---------- Records for the task

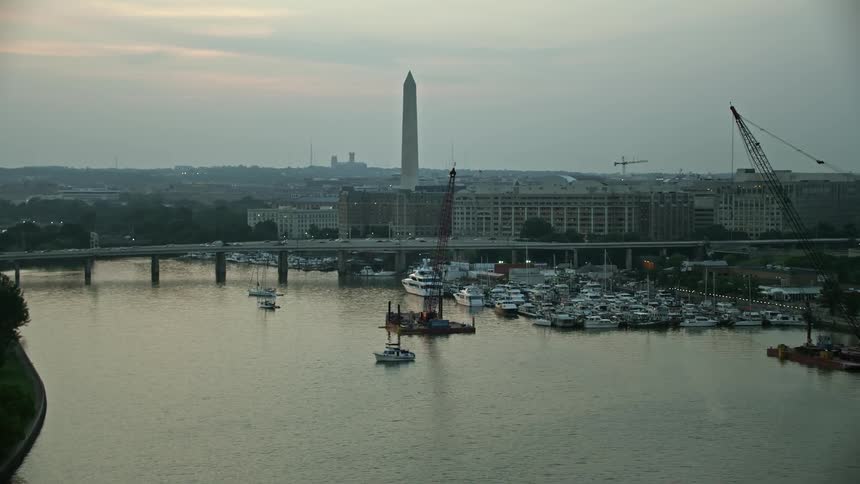 Aerial footage of the Francis Case Memorial Bridge and Washington Monument in Washington DC at twilight with a marina and fog covered monument in the distance as traffic crosses the river nearby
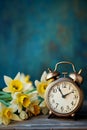 Antique clock with daffodils symbolizing daylight saving time transition and spring awakening. Vertical banner. Copy space Royalty Free Stock Photo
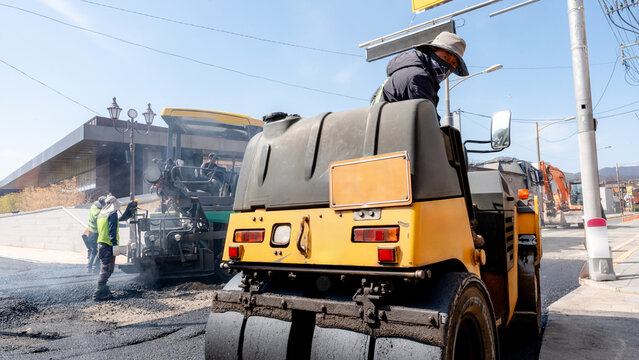 Asphalt paving work on urban South Korean street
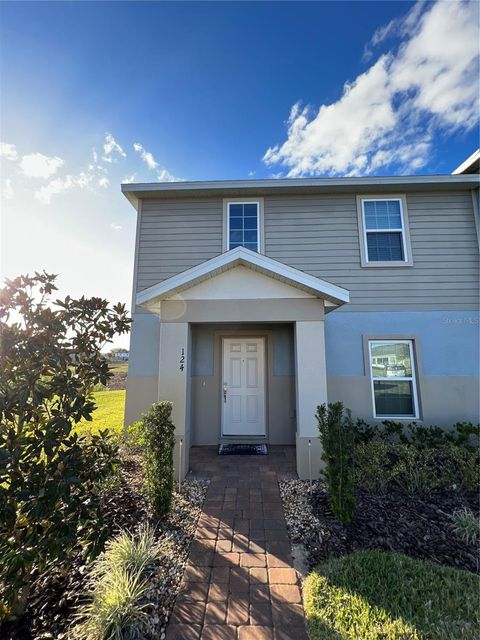 Photo of 124 Primrose Drive, Davenport, FL 33837 (MLS # O6423992)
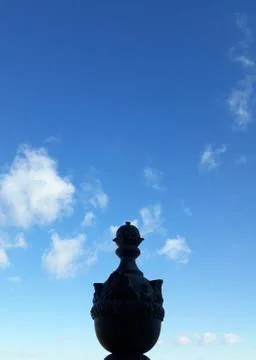A vertex of something against the backdrop of the blue sky Stock Photos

--------------------

**What you are asked to do**
Once the pictures are dropped, set down everything else in the records exactly.

**Response box**
 Aerial footage of the Francis Case Memorial Bridge and Washington Monument in Washington DC at twilight with a marina and fog covered monument in the distance as traffic crosses the river nearby
 Antique clock with daffodils symbolizing daylight saving time transition and spring awakening. Vertical banner. Copy space Royalty Free Stock Photo
 Asphalt paving work on urban South Korean street
 Photo of 124 Primrose Drive, Davenport, FL 33837 (MLS # O6423992)
A vertex of something against the backdrop of the blue sky Stock Photos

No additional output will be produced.